(What is needed) In the records below, find the line that holds "Boy (10-11) hanging". Restate it and every later line exactly, stopping at the end and skipping pictures.
___ Working data
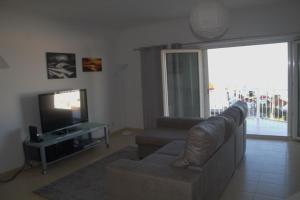 a living room with a couch and a television at Ericeira Sunset Apartment in Ericeira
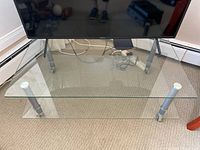 Glass and metal TV stand front view showing transparent glass top shelf and metal legs with castors.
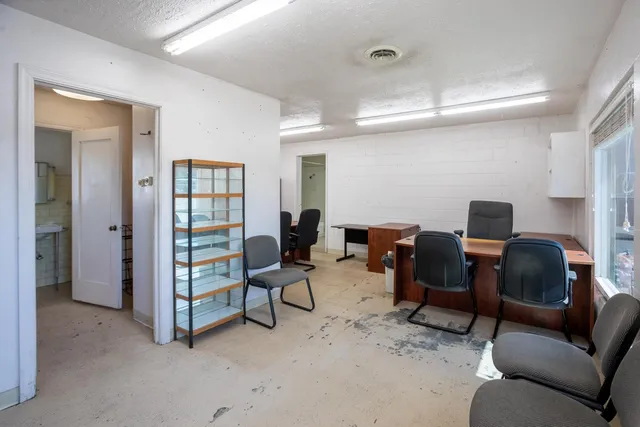a view of a workspace with furniture and a window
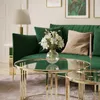 A modern living room with a green velvet sofa and gold coffee tables. Produktbild-Vorschau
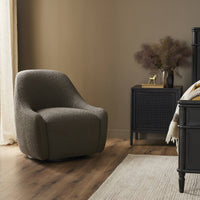 Rose Swivel Chair in Knoll Clay with a soft, textured finish in a cozy room setting.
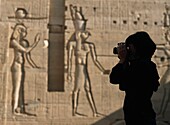 Silhouette Of Tourist Taking Pictures In Courtyard In Front Of Reliefs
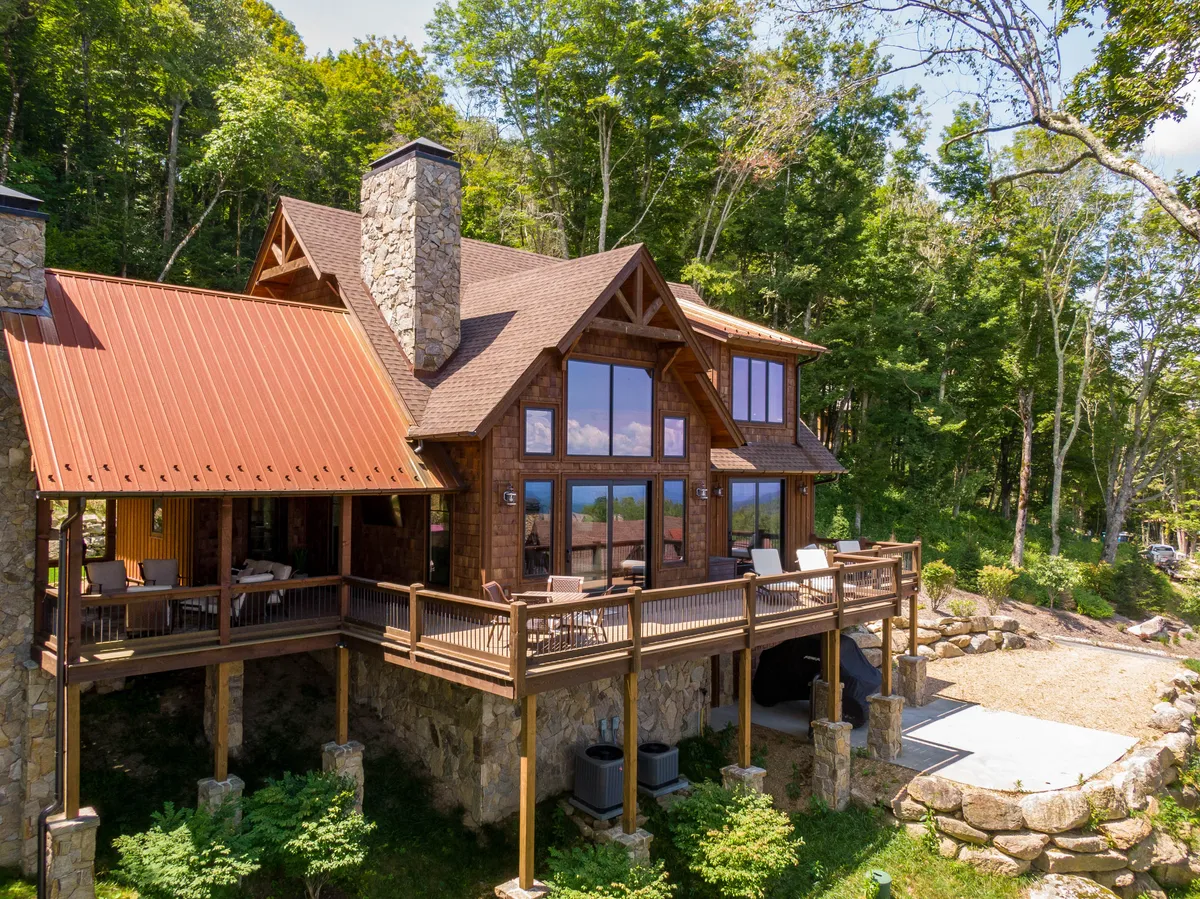 This exterior image captures the rustic wooden architecture of the home, large windows, a broad wooden deck, and a stone chimney. The deck is set up for outdoor dining and relaxation, with mountain scenery in the background and hints of nearby hiking trails.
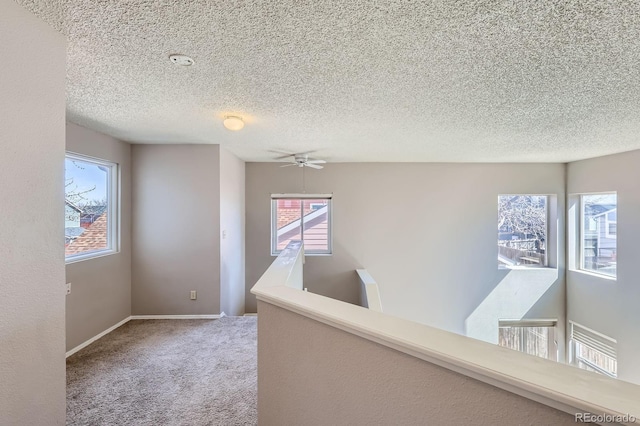 corridor featuring baseboards, a textured ceiling, and carpet flooring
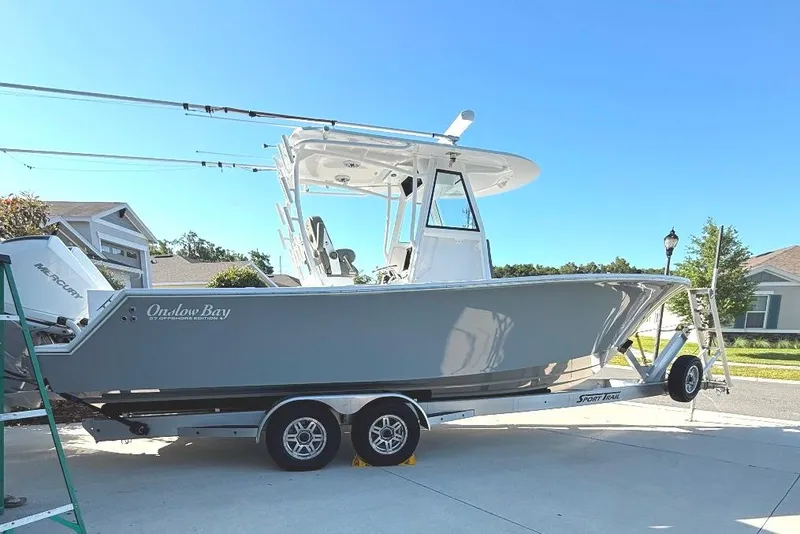 Slide: The Image of 2023 Onslow Bay 27 Offshore Edition boat on trailer, parked in residential area. - 2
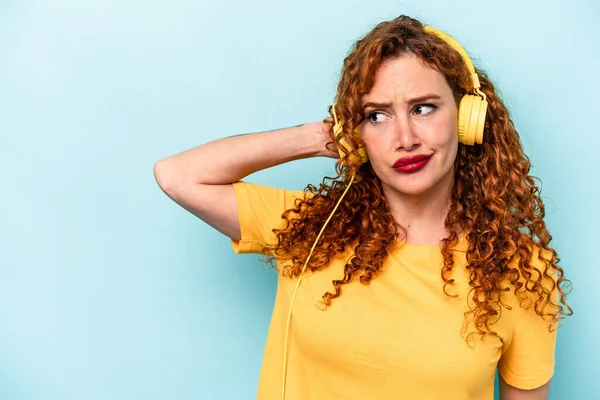 Young ginger woman listening to music isolated on blue background touching back of head, thinking and making a choice.
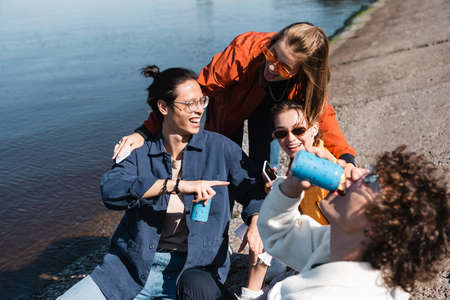 blurred man drinking soda near happy multicultural friends on embankmentの写真素材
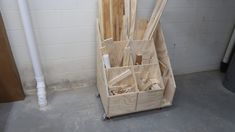 several pieces of wood are stacked up in a storage area next to a white brick wall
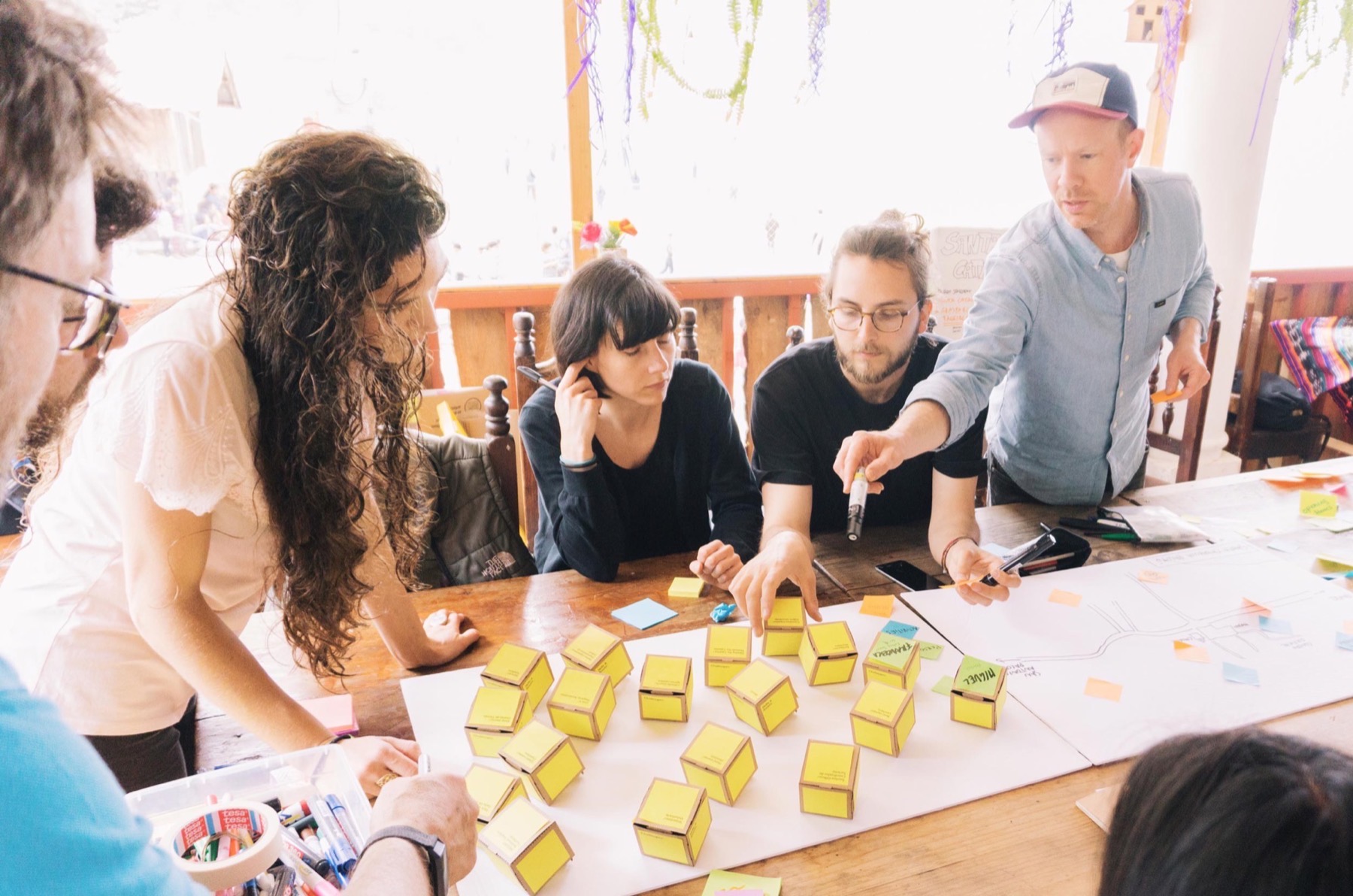 A group building with paper cubes in a workshop
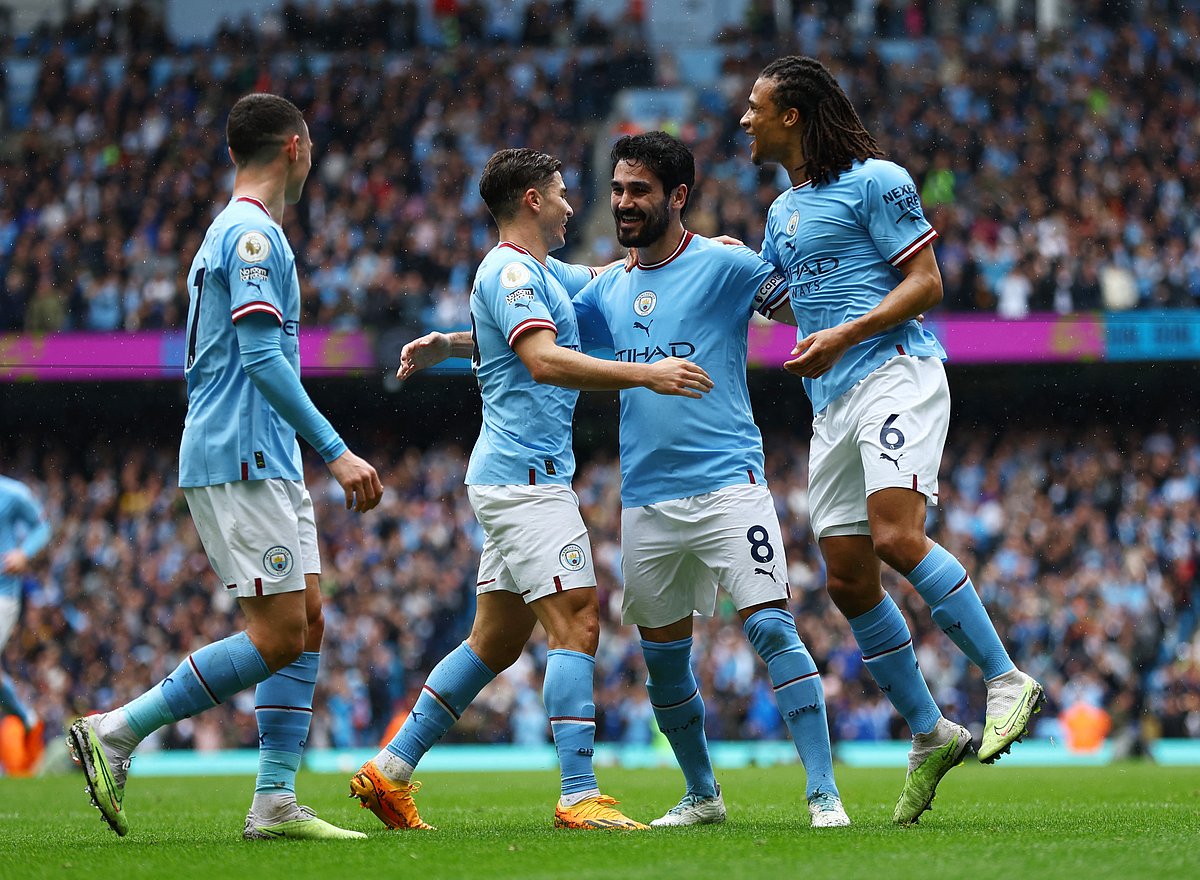 Manchester City's Ilkay Gundogan celebrates scoring their second goal with Julian Alvarez and Nathan Ake in their English Premier League match against Leeds United at the Etihad Stadium in Manchester, Britain on 6 May 2023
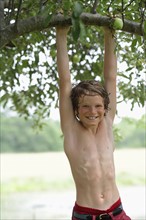 Boy (10-11) hanging on tree branch. Photo : pauline st.denis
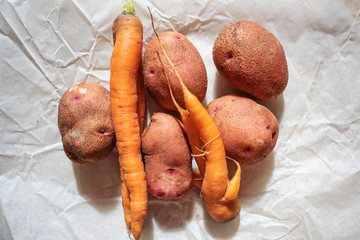 Young potatoes and carrots on a paper background. The concept of autumn harvest, fresh organic products, vegetarianism.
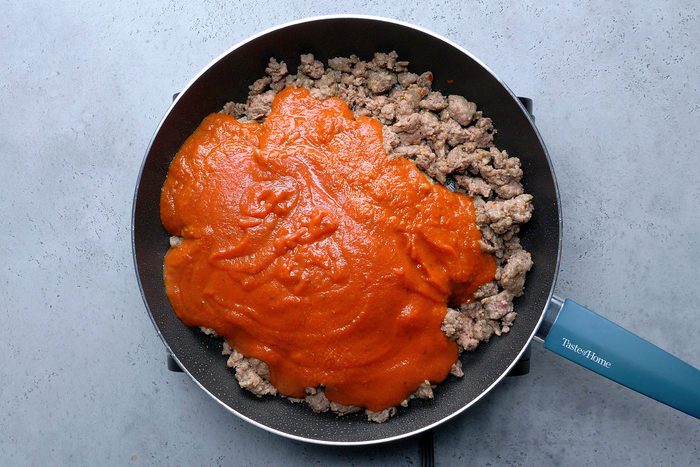 Overhead shot of a large skillet; cook and crumble beef and sausage over medium-high heat until no longer pink; drain; Stir in marinara and pizza sauces; induction stove; grey surface;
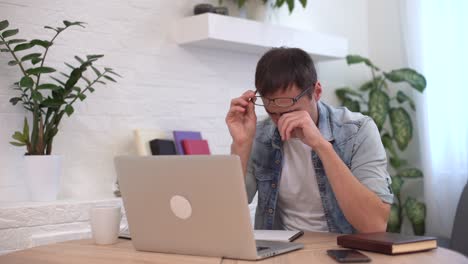 tired worker overworked on computer. frustrated businessman working alone. office work overtime. workaholic work in internet deadline.tired businessman. overwhelmed exhausted stressed man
______
(Finished task)
 Boy (10-11) hanging on tree branch. Photo : pauline st.denis
 Young potatoes and carrots on a paper background. The concept of autumn harvest, fresh organic products, vegetarianism.
 Overhead shot of a large skillet; cook and crumble beef and sausage over medium-high heat until no longer pink; drain; Stir in marinara and pizza sauces; induction stove; grey surface;
 tired worker overworked on computer. frustrated businessman working alone. office work overtime. workaholic work in internet deadline.tired businessman. overwhelmed exhausted stressed man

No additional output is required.